From: Igor Mammedov <imammedo@redhat.com>

Max memslot size supported by kvm on s390 is 8Tb,
move logic of splitting RAM in chunks upto 8T to KVM code.

This way it will hide KVM specific restrictions in KVM code
and won't affect board level design decisions. Which would allow
us to avoid misusing memory_region_allocate_system_memory() API
and eventually use a single hostmem backend for guest RAM.

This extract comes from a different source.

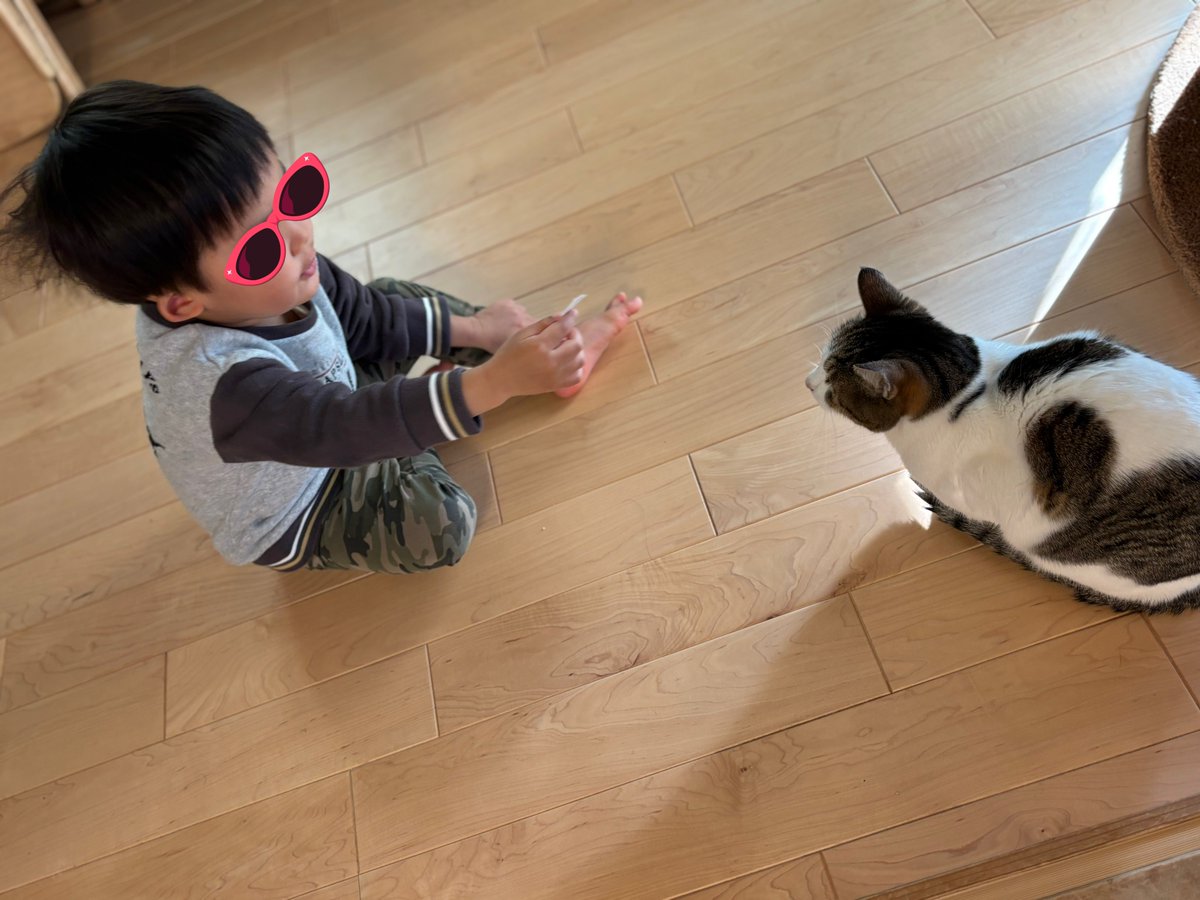 Post by ゆずは💫 on X: 猫と会話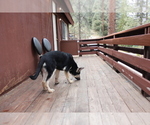 Small Photo #18 German Shepherd Dog Puppy For Sale in PINE MOUNTAIN CLUB, CA, USA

Signed-off-by: Igor Mammedov <imammedo@redhat.com>
Message-Id: <20190924144751.24149-4-imammedo@redhat.com>
Reviewed-by: Peter Xu <peterx@redhat.com>
Acked-by: Paolo Bonzini <pbonzini@redhat.com>
Signed-off-by: Christian Borntraeger <borntraeger@de.ibm.com>
---
 accel/kvm/kvm-all.c      | 122 +++++++++++++++++++++++++--------------
 include/sysemu/kvm_int.h |   1 +
 2 files changed, 80 insertions(+), 43 deletions(-)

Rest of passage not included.